In Niedersachsen hat das Vertragskonstrukt ein Volumen von einer Million Euro und in Hessen von 400.000 Euro – in der Regel vorauszahlbar in zwei Hälften zum Januar und Juli eines Jahres. In Niedersachsen war das Ministerium für Inneres und Sport immerhin schlauer als in Bayern: „Sofern das Kontingent nicht in voller Höhe abgerufen wird, kann das Land Niedersachsen für das Folgejahr eine Absenkung des Pauschalkontingents entsprechend des tatsächlichen Bedarfs gegenüber der GEMA verlangen“.

Verwaltungskosten ­doppelt einkassiert?

Die Thüringer Staatskanzlei schreibt: „Der Haushaltsplan sieht für 2024 insgesamt 325.000 Euro vor, einschließlich der Verwaltungskosten der GEMA.“ Darin enthalten schon 30.000 Euro an sogenannten „Implementierungskosten“. Die TSK erwähnt aber auch eine „Rückzahlungsverpflichtung von 95 Prozent des nicht in Anspruch genommenen Kontingents; 5 Prozent wurden als Verwaltungskostenpauschale vereinbart“. Das Bayerische Sozialministerium antwortete für 2023 bereits, dass unter anderem auch „die Abwicklung der Anmeldung“ von der GEMA als „Implementierungskosten“ deklariert und einkassiert worden sei. Abwicklung bedeutet Verwaltung der Veranstaltungsmeldungen.

Pauschalverträge mit der GEMA haben auch andere Organisationen. In einer telefonischen Erstumfrage unter anderem im religiösen Bereich konnte ein zusätzlicher Verwaltungsobolus nicht bestätigt werden. Im Gegenteil: Ein solcher Versuch führte zu Gelächter am anderen Ende der Leitung.

Warum kassiert die GEMA dann von Ministerien eine zusätzliche Verwaltungsgebühr für Lizenzeinnahmen, aus denen bisher üblicherweise auch die GEMA-Verwaltungskosten gedeckt wurden?

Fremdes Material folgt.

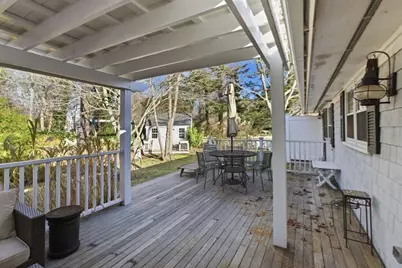 23 Shane Dr, Chatham, MA 02633 - Photo 27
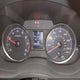JF2GPACCXF8250430 2015 Subaru Xv Crosstrek 2.0I Premium auction photo thumbnail 7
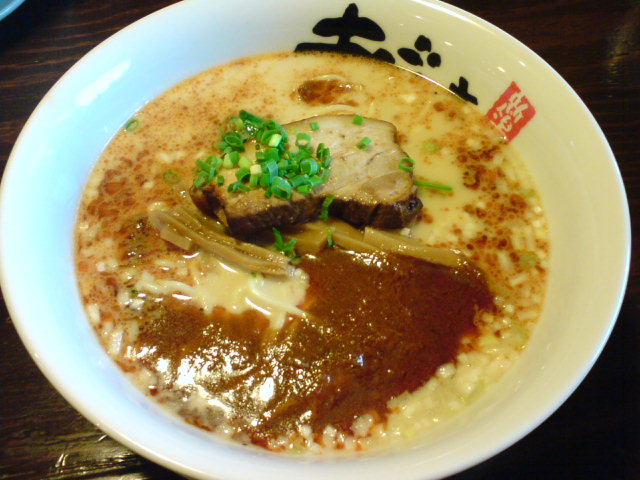c0104445_227157.jpg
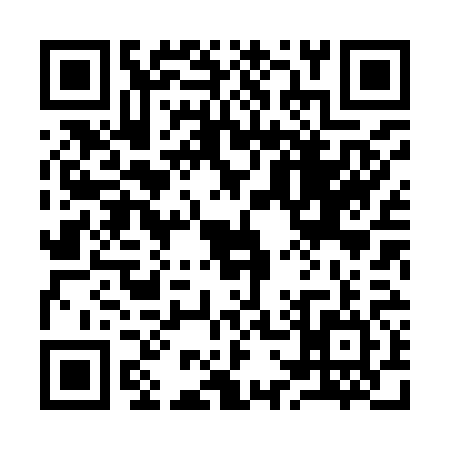 QR code for 978964K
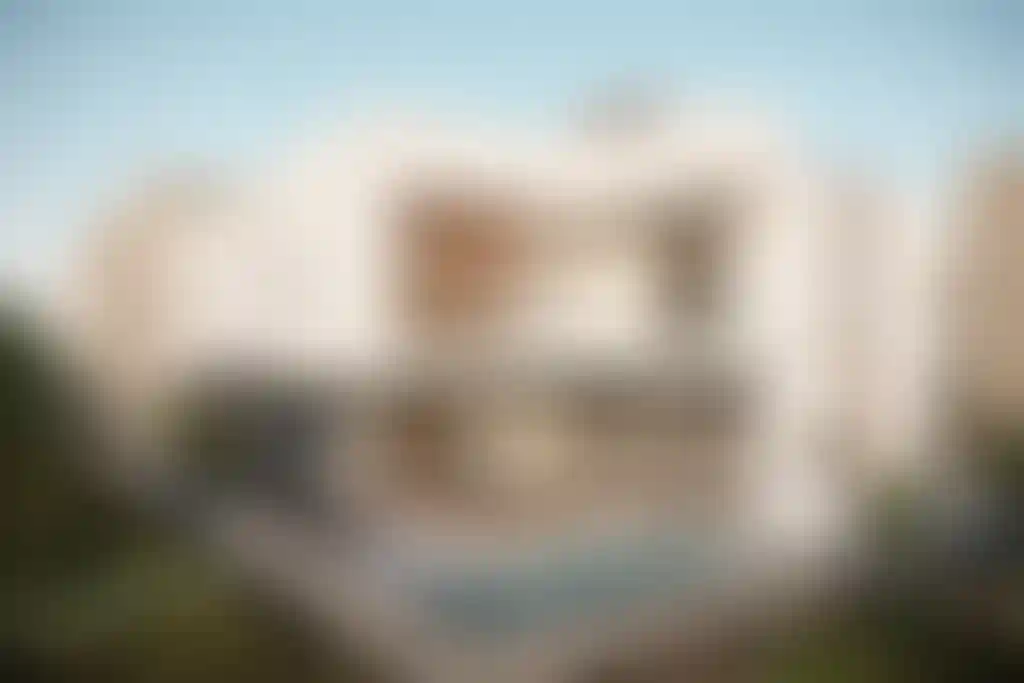 image for main block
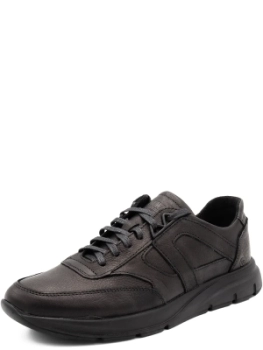 Rooman / Кроссовки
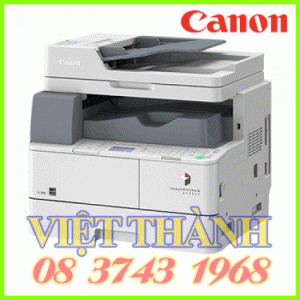 Máy Photocopy Canon iR 1435 Sửa chữa tận nơi dịch vụ tận nơi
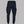 Weekend Offender Pianemo Cargo Pants Navy
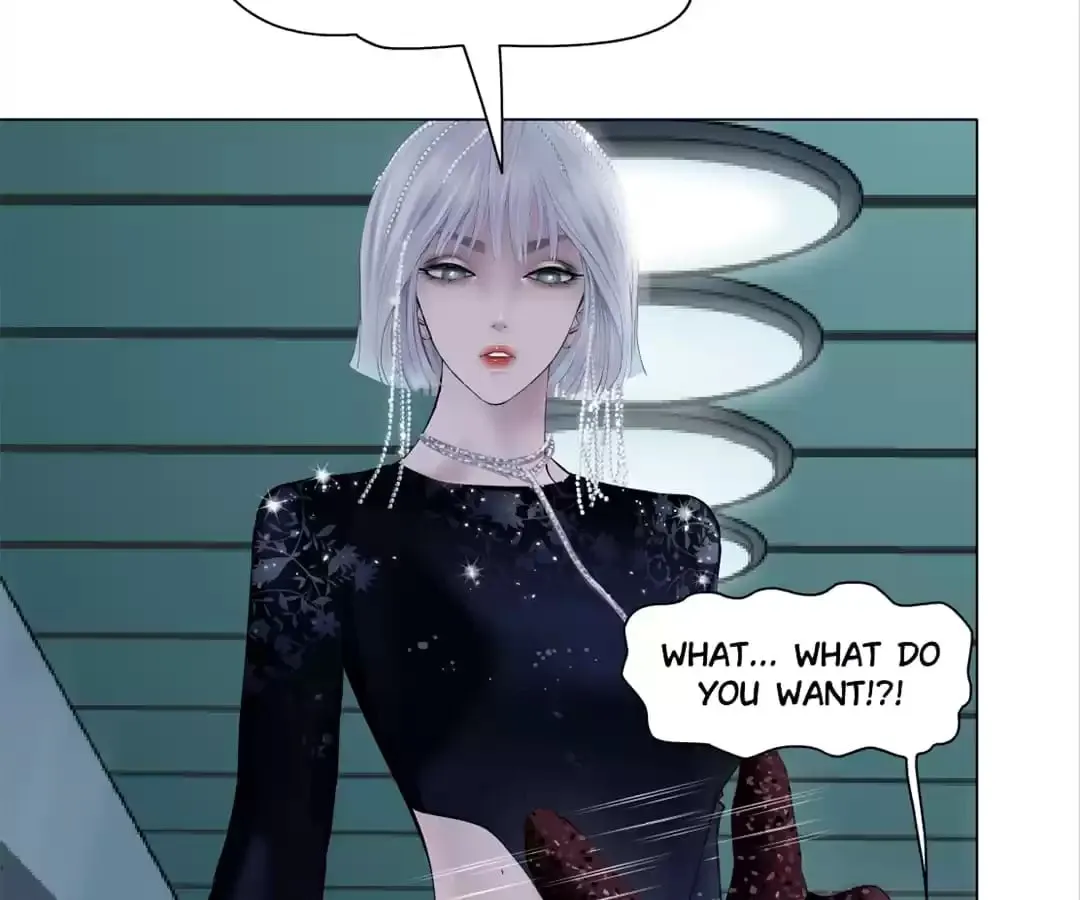 Read Mercy Killing chapter 114 image 27 on Lezhin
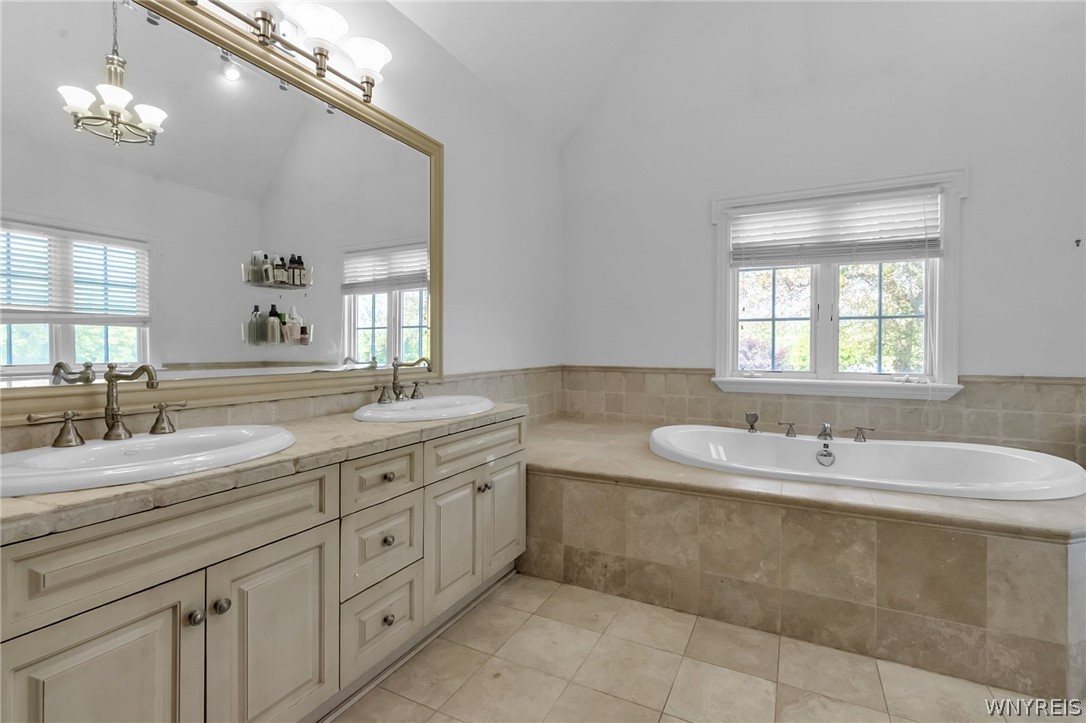 10360 Keller Road Clarence, NY 14031 - Photo 13 of 47 Gallery Image 13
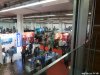 Spiel2019_Neuheitenschau_355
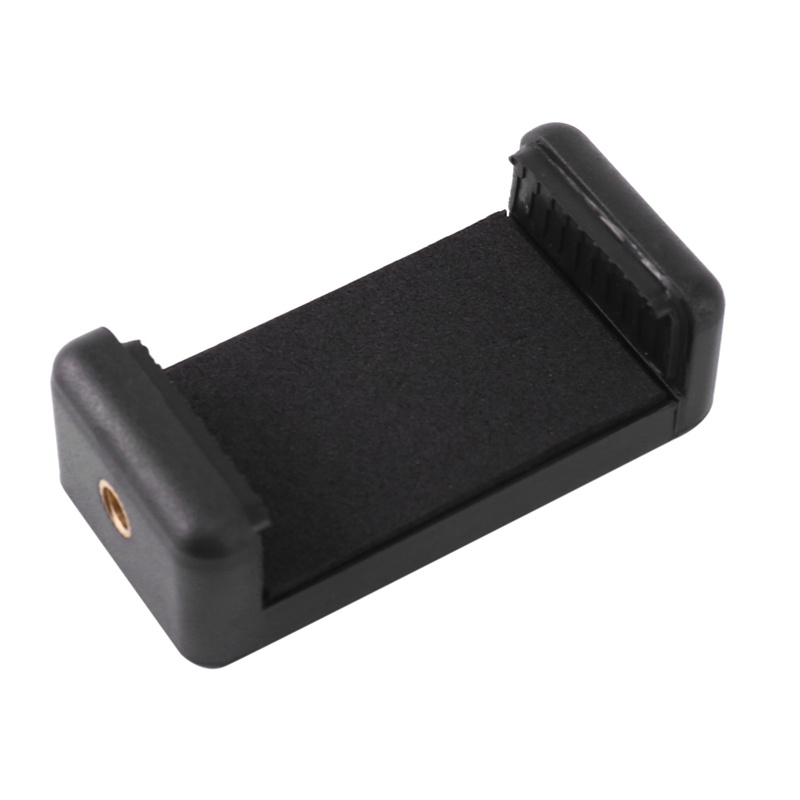 Giá Đỡ 2 Trong 1 Xoay 360 Độ Cho Máy Ảnh Dslr Slr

Weil Ministeriumsbeamte im Umgang mit Steuergeldern hier überfordert sind? Bei der GEMA-Ausschüttung an die Urheber werden Verwaltungskosten bekanntlich nochmals von den Tantiemen abgezogen und sogar explizit ausgewiesen, wie bei der INKA-Ausschüttung im Aufführungsrecht ab Segment 9 aufwärts (für 2023 laut GEMA ein Verwaltungskostenabzug in Höhe von 22,4054 Prozent).

Die Mär von der ­Bürokratieersparnis

Wer auch immer heute eine Veranstaltungsanmeldung bei der GEMA vornimmt, kommt nicht mehr um deren Onlineportal herum. Das Problem ist und bleibt die Setlisteneingabe bei Nutzung von Livemusik durch Alleinunterhalter oder andere Künstler zum Beispiel auch bei Vereinsfesten. Was aber, wenn die damit überforderten Vereinsverantwortlichen die Setlist nicht abgeben? Üblicherweise verlangt die GEMA dann einen zehnprozentigen Strafzuschlag auf die Rechnung oder sie kürzt den 20-prozentigen Rahmenvertragsnachlass um zehn Prozentpunkte.

Das Bayerische Sozialministerium schreibt, dass es die üblichen GEMA-Nachlässe bekomme. Ergo auch die Strafen bei nicht erfolgter Setlistenabgabe? Die GEMA schreibt, dass die Setlisteinreichung eine gesetzliche Pflicht sei und auch bei den Ehrenamtspauschalverträgen „sämtliche tariflichen Voraussetzungen eingehalten“ würden. Und die GEMA weiter: „Insofern diese nicht erfüllt werden sollten, erfolgt auch keine Übernahme der Vergütungsverpflichtungen.“

Lücke bei der Setlistenabgabe und Monitoring-App als Lösung?

Bedeutet ein Fehlen der Setlist also das Aus für die Abrechnung per Vereinskontingent? Oder können sich überforderte Vereinsverantwortliche auch ohne abgegebene Setlist der Kos­tenübernahme durch das Landesministerium sicher sein? Die GEMA definiert das in ihrer schriftlichen Antwort nicht näher.

Üblicherweise regelt die GEMA das ansonsten mit den vorgenannten zehn Prozent an Rabattkürzung beziehungsweise Strafaufschlag. Keine Setlistmeldung bedeutet allerdings auch keine Tantiemen beziehungsweise Ausschüttung an die Urheber für die Nutzung. Die Fairness gegenüber den Urhebern sollte jedoch über allem stehen!

Die Lösung wäre eine App, wie sie beim Live-Monitoring bereits bei gro­ßen Festivals zum Einsatz kommt (beispielsweise eine Anwendung von Aurismatic)! Da aber tut sich bei der GEMA augenscheinlich seit Jahren nichts. In Branchenkreisen hieß es vor Jahren mal, die GEMA wolle einen Dienste­anbieter übernehmen. Aber dazu herrscht seit langem völlige Stille. In einer Branche, die von hörbaren Klängen geprägt ist, ein unhaltbarer Zustand. Im digitalen Zeitalter noch mehr!